How Does A Credit Footprint Affect My Credit Score

Affect My Credit Score

A credit footprint is a record to show that a lender or a creditor has searched your credit file. 

When you apply to borrow money, or even for some monthly services like a mobile phone contract, the lender must perform this credit check to assess your previous history of borrowing and repaying money.

Using a credit reference agency, a loan provider will look at your credit file to also see how much you are currently borrowing, whether you are on the electoral register, if you have a CCJ or an IVA and various other indicators of your financial situation.

How Does A Credit Footprint Affect My Credit Score?

When borrowing any amount of money, it’s not just necessary to have a good credit file, it’s also important to show that you have a credit footprint. Having nothing to show on your credit file can be as bad as having poor credit. This is because lenders have no way of knowing how you handle money if there is no evidence of this on your credit file. 

On the other hand if a creditor sees that you have recently recorded lots of credit footprints it implies that you are in financial difficulty or are unable to adequately manage your money. For instance, while applying for payday loans could be convenient for covering an unforeseen circumstance, too many recent footprints left by short term lenders could negatively impact your credit score. Recording several credit searches in one day could even indicate that someone is fraudulently using your card details to borrow money.

Some information can stay on your credit file for up to six years, such as completed loan whether it’s been paid on time or defaulted. Even a credit application search footprint will stay on your file for a year, so it’s important to take this into consideration before applying for different lines of credit.

Soft and Hard Credit Checks

The only way to guarantee that you’ll be accepted for a loan or credit card is to apply, leaving a credit search footprint on your file. But there are types of different types of credit check— a hard credit check, and a soft credit check.

A hard credit check is a complete search of your credit file, which as mentioned earlier, will be visible to other lenders that you’ve applied for credit. This search must be done before you are approved for a loan.

A soft credit check on the other hand is a far less thorough check on your credit file, it’s used as an initial assessment to see whether your application is likely to be approved without a full inspection. Vitally, a soft credit check is not visible to other lenders and does not leave a footprint on your credit file.

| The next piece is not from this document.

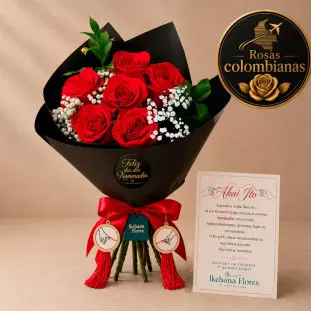 Kit Akai Ito com buquê de 6 rosas colombianas vermelhas em papel preto, laço de cetim com dois pingentes de mãos conectadas e cartão explicativo da lenda - Ikebana Flores BH.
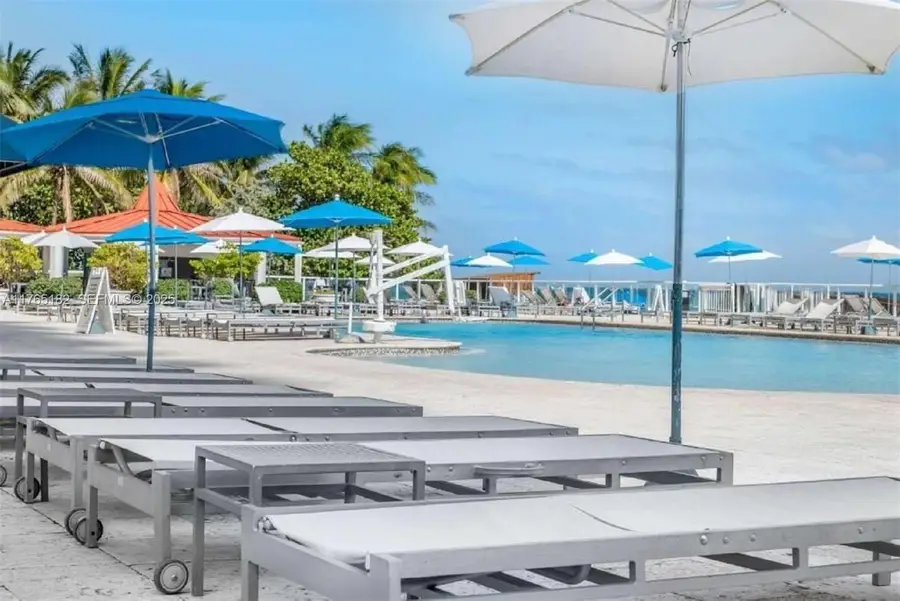 19201 Collins Avenue #1022, Sunny Isles Beach, FL 33160 - #3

This means that it will not affect any future applications for credit.

How To Create A Good Credit Footprint

If you’re unsure what your credit file looks like, it’s easy to check it for free at Experian or Noddle.

Building a good credit score requires you to take out credit and pay it back on time. Repaying your borrowings regularly proves to other lenders that you are reliable with how you manage your money. Credit cards are a good example of this— making small but frequent payments on your credit card and paying it back on time will show that you are a responsible borrower.

Direct Debits can also be used to help improve your credit file. Setting up payments for things like a utility bill shows that you aren’t concerned that the funds won’t be there and that they can be collected automatically each month. Remember to try to set up direct debits to leave your account after payday, or you could risk not having enough funds!

Once you have regular on-time credit repayments and can show a couple of credit footprints on your credit file, this demonstrates a healthy financial background.